The bridge acts as a primary southern gateway into downtown Charlottesville, carrying Avon Street over the train tracks that service Amtrak’s Cardinal Line as well as CSX and Buckingham Branch rail cargo.

In addition to replacing the bridge carrying vehicular traffic over the railway tracks, crews are also adding a pedestrian walkway, referred to as the “knuckle bridge.” Janiczek confirmed the pedestrian bridge will also open in June. The pedestrian bridge is designed to wrap around the Ting Pavilion at the eastern end of the city’s downtown pedestrian mall, providing a route for pedestrians along the west side of Ninth Street to the Downtown Mall and Downtown Transit Center.

Another pedestrian connection, a tunnel near the bridge’s southern edge, will provide an east-west path terminating near Belmont businesses such as Lampo Neapolitan Pizzeria.

In the final stages of construction, pedestrian traffic has been shifted to the western sidewalk along Ninth and Avon streets. Work is now being done to expand the eastern sidewalk to its final width of 10 feet and add medians to the roadway.
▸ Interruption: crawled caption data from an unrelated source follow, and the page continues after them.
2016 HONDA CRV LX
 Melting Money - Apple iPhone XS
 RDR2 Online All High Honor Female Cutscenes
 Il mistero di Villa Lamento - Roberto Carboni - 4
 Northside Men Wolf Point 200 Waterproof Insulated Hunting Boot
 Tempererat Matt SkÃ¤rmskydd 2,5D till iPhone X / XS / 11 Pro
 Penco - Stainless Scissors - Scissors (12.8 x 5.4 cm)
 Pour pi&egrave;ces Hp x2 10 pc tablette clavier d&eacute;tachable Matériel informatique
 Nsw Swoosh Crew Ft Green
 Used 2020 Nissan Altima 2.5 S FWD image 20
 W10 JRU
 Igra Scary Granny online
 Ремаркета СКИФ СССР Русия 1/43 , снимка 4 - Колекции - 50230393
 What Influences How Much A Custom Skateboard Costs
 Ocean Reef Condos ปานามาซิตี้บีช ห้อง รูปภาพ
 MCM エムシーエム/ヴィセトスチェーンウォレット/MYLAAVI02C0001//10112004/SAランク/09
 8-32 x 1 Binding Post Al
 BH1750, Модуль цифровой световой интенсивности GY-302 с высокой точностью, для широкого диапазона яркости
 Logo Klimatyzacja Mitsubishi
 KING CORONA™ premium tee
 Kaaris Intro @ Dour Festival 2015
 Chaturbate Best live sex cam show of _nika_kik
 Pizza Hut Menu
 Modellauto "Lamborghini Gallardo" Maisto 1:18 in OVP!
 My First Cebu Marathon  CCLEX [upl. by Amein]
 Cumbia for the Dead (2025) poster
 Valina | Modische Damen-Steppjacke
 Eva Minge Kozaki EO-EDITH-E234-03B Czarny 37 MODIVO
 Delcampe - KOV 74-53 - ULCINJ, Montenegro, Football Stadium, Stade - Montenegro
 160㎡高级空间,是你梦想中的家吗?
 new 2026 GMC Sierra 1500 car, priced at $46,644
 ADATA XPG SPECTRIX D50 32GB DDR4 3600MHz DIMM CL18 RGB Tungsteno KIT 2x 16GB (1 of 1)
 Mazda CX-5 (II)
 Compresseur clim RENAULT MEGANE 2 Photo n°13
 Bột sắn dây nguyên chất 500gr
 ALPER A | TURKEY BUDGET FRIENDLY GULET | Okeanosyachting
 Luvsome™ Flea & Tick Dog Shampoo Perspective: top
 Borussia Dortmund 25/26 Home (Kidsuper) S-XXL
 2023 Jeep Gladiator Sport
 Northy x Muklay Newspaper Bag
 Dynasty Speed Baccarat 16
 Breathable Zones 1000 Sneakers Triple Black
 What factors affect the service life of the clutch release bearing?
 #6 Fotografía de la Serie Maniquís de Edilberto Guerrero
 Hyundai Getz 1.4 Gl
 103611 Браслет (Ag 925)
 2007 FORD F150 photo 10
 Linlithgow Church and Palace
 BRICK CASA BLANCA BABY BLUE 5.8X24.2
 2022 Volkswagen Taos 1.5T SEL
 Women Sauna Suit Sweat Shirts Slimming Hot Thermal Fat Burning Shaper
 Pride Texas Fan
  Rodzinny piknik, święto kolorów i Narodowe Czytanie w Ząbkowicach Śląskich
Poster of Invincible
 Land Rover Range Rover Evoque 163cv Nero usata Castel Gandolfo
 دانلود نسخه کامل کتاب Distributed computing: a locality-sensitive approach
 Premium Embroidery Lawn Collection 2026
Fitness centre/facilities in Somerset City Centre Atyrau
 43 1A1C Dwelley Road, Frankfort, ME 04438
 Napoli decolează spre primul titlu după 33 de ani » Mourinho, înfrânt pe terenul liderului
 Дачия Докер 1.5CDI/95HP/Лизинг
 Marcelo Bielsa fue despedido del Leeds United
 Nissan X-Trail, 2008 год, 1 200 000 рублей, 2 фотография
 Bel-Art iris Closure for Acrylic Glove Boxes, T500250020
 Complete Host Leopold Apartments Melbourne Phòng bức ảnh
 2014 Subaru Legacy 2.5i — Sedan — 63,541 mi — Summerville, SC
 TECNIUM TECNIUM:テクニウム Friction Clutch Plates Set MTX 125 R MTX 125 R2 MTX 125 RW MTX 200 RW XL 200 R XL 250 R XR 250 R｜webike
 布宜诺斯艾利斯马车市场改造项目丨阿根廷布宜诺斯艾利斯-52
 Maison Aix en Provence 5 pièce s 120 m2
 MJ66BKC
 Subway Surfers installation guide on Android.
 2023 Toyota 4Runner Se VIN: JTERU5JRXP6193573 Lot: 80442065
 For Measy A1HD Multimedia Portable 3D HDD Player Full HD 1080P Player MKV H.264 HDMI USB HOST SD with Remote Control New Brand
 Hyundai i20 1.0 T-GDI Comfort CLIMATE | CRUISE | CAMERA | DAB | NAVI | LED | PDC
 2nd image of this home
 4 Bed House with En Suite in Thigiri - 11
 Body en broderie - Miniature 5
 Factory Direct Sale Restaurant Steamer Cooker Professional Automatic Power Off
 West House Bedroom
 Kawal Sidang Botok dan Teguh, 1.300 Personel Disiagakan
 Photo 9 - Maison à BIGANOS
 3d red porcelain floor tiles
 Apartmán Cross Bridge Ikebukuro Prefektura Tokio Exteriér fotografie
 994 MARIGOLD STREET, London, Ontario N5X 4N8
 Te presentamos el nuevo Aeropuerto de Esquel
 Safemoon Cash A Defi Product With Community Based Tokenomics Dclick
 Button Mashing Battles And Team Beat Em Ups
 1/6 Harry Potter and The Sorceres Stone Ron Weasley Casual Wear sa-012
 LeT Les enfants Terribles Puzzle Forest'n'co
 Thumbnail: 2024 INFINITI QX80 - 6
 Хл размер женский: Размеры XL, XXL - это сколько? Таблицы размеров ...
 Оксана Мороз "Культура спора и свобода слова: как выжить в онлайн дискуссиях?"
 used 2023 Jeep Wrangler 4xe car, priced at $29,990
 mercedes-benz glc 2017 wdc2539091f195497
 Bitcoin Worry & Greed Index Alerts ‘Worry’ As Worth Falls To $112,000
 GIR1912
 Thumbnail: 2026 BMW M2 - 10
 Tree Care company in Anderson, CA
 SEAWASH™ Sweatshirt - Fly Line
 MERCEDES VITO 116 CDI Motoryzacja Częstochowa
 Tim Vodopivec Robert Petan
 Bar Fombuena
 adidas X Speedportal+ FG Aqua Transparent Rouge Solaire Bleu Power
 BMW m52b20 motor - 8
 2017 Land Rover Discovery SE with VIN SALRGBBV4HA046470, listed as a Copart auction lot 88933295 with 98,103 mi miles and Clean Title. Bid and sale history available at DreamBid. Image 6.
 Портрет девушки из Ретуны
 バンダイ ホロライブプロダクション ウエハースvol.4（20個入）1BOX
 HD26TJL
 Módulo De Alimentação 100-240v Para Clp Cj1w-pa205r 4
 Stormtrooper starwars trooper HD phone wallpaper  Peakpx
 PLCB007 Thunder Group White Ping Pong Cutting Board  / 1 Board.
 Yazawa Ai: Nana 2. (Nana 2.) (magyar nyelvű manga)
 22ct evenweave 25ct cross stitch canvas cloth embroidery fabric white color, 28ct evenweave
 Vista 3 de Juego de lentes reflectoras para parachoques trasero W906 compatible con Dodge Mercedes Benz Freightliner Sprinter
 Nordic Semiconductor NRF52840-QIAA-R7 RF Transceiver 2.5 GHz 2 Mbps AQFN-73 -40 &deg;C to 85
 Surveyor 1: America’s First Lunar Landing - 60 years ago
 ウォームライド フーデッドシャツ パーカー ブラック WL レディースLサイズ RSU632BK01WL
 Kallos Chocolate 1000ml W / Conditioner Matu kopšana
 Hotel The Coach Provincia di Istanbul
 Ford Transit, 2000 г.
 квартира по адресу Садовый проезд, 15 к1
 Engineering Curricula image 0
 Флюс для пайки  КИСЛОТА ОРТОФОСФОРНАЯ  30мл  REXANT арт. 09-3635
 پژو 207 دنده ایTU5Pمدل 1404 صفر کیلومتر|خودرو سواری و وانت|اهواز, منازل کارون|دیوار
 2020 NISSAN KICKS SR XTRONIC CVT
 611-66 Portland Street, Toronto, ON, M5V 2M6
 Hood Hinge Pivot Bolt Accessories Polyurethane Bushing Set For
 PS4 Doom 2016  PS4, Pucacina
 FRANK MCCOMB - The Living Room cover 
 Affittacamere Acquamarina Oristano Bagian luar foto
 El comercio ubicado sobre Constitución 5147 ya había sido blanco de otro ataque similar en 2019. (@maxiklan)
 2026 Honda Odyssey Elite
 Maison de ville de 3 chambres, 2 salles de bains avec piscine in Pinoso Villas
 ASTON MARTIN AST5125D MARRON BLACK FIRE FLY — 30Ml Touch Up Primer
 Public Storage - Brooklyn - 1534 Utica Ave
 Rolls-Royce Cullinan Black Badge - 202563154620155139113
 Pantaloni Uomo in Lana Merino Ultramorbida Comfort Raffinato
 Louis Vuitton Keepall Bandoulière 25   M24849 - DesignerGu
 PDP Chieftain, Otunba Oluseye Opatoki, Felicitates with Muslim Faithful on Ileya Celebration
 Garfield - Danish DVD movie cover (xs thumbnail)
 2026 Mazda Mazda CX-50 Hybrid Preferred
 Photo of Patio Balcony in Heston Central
Other work that needs completing includes landscaping, finishing the stormwater basins in the pedestrian plaza on South Street, adding handrails to staircases and reopening Water Street to two-way traffic, said Janiczek. Water Street has been narrowed to a one-way, westbound-only roadway for roughly a year.

Despite the delays, Janiczek said that construction is still on track to stay within the project’s $38.1 million budget.

The work to replace the bridge began in earnest in 2022, a decade past the structure’s original expected lifespan of 50 years. It took several years for the city to find funding to replace the bridge, agree on a design and find a firm to build the new bridge.

Once construction was underway, the project ran into additional obstacles, including the discovery of an unknown underground detention basin.

“The city appreciated the dedication and hard work from our partners — the VDOT, Kimley-Horn, MBP and the Caton Construction Company — in executing their work, raising questions or concerns if a challenge was identified so a high quality piece of infrastructure was built,” Janiczek said.